Later, the young Hambright decided to integrate his field of study—architecture—into his photography. He purchased a large-format 4×5 camera—the sort that requires a tripod and a black cloth over your head to operate—and began shooting buildings. But rather than photograph Knoxville’s most auspicious structures, he set up his gear to painstakingly record its more unusual “vernacular” buildings: dry cleaners, diners, old-time general stores. He would shoot them as if they were St. Paul’s Cathedral, at the correct perspective, often in the “golden hour” at dusk—“Velda Rose” being a prime example.
“I was just intrigued—it’s a stupid vernacular building, but it’s spectacular in its own way,” Hambright says. “I tried to capture its essence, the sort of thing that most people wouldn’t pay attention to. But somebody designs this stuff. Somebody comes up with all these things, these ideas—the way the building is and the way the sign is. Someone did that, and I’m sure it wasn’t a classically trained architect.”
Hambright spent almost the entire decade shooting Knoxville’s dark corners. He graduated from UT in 1976 at age 25 but couldn’t find any local work in architecture. So he decided instead to become a full-time architectural photographer—“if that was such a thing”—but didn’t get very busy at it until some of his friends began working at Washington, D.C., architectural firms and started sending him assignments. Seeing greener pastures, he finally moved to D.C. in 1980 and launched a successful career fulfilling the imaging needs of architects that continues today.
While he often returns to Knoxville (his culinarily inclined sisters are Margaret and Holly Hambright), he no longer photographs his hometown as he did in his youth. In fact, his shooting style has changed over the decades to become much more formal than his impromptu street photography—he no longer carries a camera around with him just in case a decisive moment should arise
Last year, Hambright digitized his old negatives for a retrospective exhibit in Brunswick, Ga.—and he found that his favorite shots were still the ones he had made back in the ’70s.

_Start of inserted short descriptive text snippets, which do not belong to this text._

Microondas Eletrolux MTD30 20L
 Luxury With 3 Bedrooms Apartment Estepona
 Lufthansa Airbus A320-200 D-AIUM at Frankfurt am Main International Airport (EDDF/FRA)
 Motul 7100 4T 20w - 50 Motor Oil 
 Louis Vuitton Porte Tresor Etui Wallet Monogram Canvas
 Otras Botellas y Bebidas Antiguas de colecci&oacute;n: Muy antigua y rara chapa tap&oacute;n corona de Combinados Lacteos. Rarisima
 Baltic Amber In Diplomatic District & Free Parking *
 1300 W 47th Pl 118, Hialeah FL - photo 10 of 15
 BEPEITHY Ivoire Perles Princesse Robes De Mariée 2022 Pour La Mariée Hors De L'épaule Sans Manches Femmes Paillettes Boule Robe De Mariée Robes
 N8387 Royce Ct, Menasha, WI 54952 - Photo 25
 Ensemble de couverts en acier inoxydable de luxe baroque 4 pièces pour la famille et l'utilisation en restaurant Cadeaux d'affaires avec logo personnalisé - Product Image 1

“The pictures that I really like, I just don’t shoot like that anymore,” he says with a certain amount of personal exasperation. “I don’t know if that’s because the novelty of photography is gone or if my outlook on life is changed or the way I see things has changed, I don’t know. Maybe I’m just not seeing real life the same way as I did when I was in my early 20s.”
Nevertheless, what he saw over 40 years ago was a vision of Knoxville that most others either ignored or wanted to be gone. His photographs are the last record of a time when Knoxville may have not been a tourist destination yet, but it was a town with a soul of its own.